Ten of the reissues include new introductions from authors as varied as Stephen King, Chelsea Cain, Andre Dubus III and Daniel Woodrell. These ten include some of Thompson’s most recognizable work—such as The Killer Inside Me, The Grifters, and After Dark, My Sweet. The contemporary authors’ take on these noir anti-heroes brings a new level of richness to books that have a dedication to telling the most compelling story possible, conventions like “likable” characters be damned.

Particularly now, when debate continues to bubble about the benefits (or lack thereof) of fiction that contains characters one would want to befriend, Thompson’s work embodies the sentiment that characters are there in service to the story. And, for Thompson, the stories that deliver the best sucker punches are the ones where the writer allows the darkness to run rampant on the page, and through the veins of characters.

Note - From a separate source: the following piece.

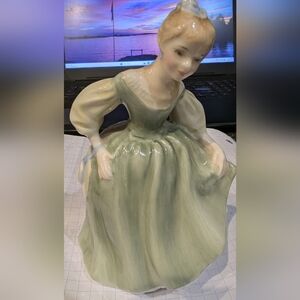 1966 Royal Doulton Green Ceramic Figurine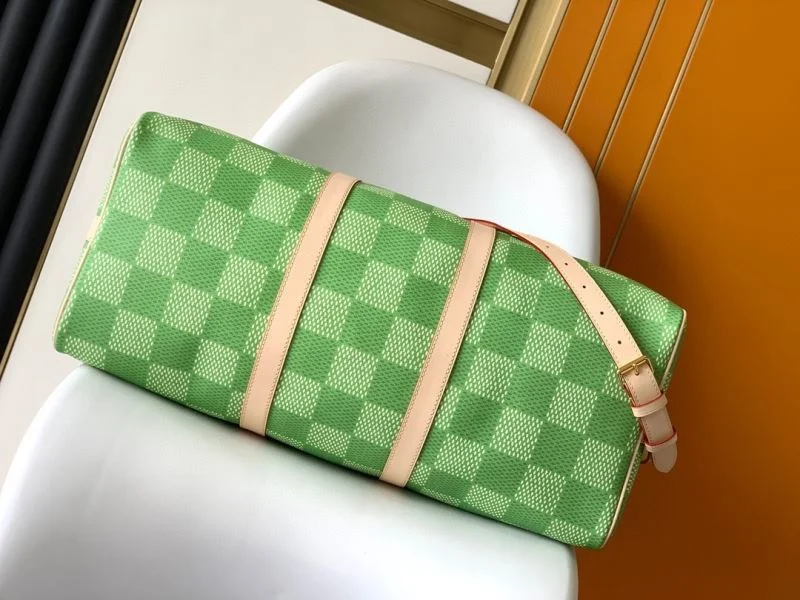 Louis Vuitton Travel Bags Elegant 37608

“Thompson is still considered by many one of our greatest writers,” said Kendall. “If great literature makes you feel alive to the world, crime fiction makes you feel engaged with it. It’s rare then that a writer manages both, but Thompson, at his best, did exactly that.”

“He was showing us a map of the damaged psyche,” wrote Doug Dorst, in his introduction to The Alcoholics. “Not offering us (or his characters or himself) any routes to cross it.” And it’s not just Thompson’s anti-heroes who bear the burden of the havoc they wreak. In his introduction to Pop. 1280, Daniel Woodrell reminds us that “this being Jim Thompson, the darkness begins quickly to gather, darkness that seeps from active wrongdoing and citizenry’s cowed acceptance of wrongdoing, and no writer has ever been more cunning and potent in his depiction of the commonplace nature of evil.”

Mulholland Books offers readers, both Thompson fanatics and those new to his work, myriad information about the author--his books, film adaptations and biographical details--on page of its website dedicated to the reissues. True Thompson devotees won’t want to miss the author’s screenplay collaborations with Stanley Kubrick for 1956’s The Killing and 1957’s Paths of Glory. In all his work, according to Andre Dubus III in his introduction to The Grifters, Thompson “reminds us where literature can and should go, into the dark heart of that universal and grasping human need for respect and comfort and acceptance, qualities of a first-class life for which his characters are willing to lie, cheat, steal, and even kill.”